Greg Young talks about using an identity map to help avoid hitting the persistence engine and making it the bottleneck for the entire system. In a fully distributed scenario, the event pipeline coming out of the repository would publish any events committed to an aggregate to all interested parties. These interested parties would include a persistence engine subscriber, other bounded contexts, and other instances of the same bounded context. Other instances of the same bounded context would use an identity map and listen to messages for aggregates that already held in memory--other messages would be ignored.

When using an identity map there are several things to keep in mind:

  1. The identity map sits between the repository and the persistence engine.
  2. The identity map must only hand out transactionally consistent aggregate roots.
  3. Applying events within the identity map must not cause events to be published.

Do I Need To Sit Between You Two?

The identity map sits "between" the repository and the persistence engine so that it can service requests for a particular aggregate root. If it's able to service the request, because it has one in memory, it hands the in-memory instance back. If not, the repository goes to the persistence engine and load the values and stores the reconstituted aggregate root the identity map.

This step alone takes a huge burden off of the persistence engine.

Transactionally Consistent

Normally an identity map is unique to a unit of work such that each unit of work would have its own identity map holding non-shared reference to an aggregate. While this statement is true, it's not entirely complete when dealing with distributed-messaging scenarios.

Specifically, one of the things that the message-based identity map does is listen as a subscriber to all events published by other processes or instances of the same bounded context. If an event comes in and the aggregate to which the event pertains is in memory, it processes the event against the aggregate. If the aggregate is not in memory, it simply drops the message.

We have to be very careful to ensure that when a series of events comes in as part of a single transaction, that we apply all events before handing back a reference to the aggregate. If we don't, we risk passing back the aggregate in an inconsistent--or even invalid--state.

Furthermore, we have to be careful not to apply messages to the aggregate root reference that is currently being processed as part of the unit of work. It would seem as though this message-based identity map is two layers deep.
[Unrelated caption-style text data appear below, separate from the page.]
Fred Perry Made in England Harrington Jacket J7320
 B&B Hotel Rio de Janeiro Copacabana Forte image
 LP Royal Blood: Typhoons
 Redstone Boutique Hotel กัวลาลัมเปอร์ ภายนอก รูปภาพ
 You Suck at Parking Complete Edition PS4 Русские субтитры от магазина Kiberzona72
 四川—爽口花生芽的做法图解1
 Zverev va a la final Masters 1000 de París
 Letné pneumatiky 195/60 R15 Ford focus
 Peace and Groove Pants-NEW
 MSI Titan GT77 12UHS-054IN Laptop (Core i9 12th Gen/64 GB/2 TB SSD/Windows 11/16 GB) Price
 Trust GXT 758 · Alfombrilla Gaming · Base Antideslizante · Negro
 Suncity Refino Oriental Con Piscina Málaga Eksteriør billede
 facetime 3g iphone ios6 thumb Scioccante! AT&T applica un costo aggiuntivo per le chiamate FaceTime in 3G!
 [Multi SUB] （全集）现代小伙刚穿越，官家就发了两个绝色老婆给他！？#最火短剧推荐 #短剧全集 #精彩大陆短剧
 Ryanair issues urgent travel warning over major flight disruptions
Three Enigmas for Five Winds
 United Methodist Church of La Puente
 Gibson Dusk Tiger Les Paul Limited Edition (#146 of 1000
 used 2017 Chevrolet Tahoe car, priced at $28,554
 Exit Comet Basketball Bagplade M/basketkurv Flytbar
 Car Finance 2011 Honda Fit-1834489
There would be a session-level identity map which holds session-level references and a process-level identity map which subscribes to messages from other instances of the same bounded context and applies them when they arrive.

For optimistic concurrency, it would appear that when a unit of work was complete, the aggregate version at the start of the unit of work would be compared with the aggregate version in the process-level identity map. If the two were the same, the unit of work would commit, otherwise, the transaction would rollback and the unit of work would be re-attempted.

Lastly, it would also appear that the process-level identity map doesn't hand out the same reference to specific aggregate root twice. Instead it would appear that it hands out copies. The main reason for this is so that multiple units of work could potentially be executing against the same aggregate root simultaneously, with optimistic concurrency protecting each instance from the other. The other reason is so that, if a unit of work failed, we wouldn't have to figure out how to rollback the aggregate. Instead we could just toss out the reference and get a new one.

Infinite Loop

Lastly, when applying events received to the aggregate from other instances of the same bounded context, we want to ensure that we ignore the events that come out the other side. This means that, by definition, when I send an aggregate a "UserNameChanged" event, the aggregate produces a "UserNameChanged" event as a result in a 1-1 consume/produce fashion.

We don't want to publish these events, otherwise, we might inadvertently create an infinite loop between all the other instances of the same bounded context.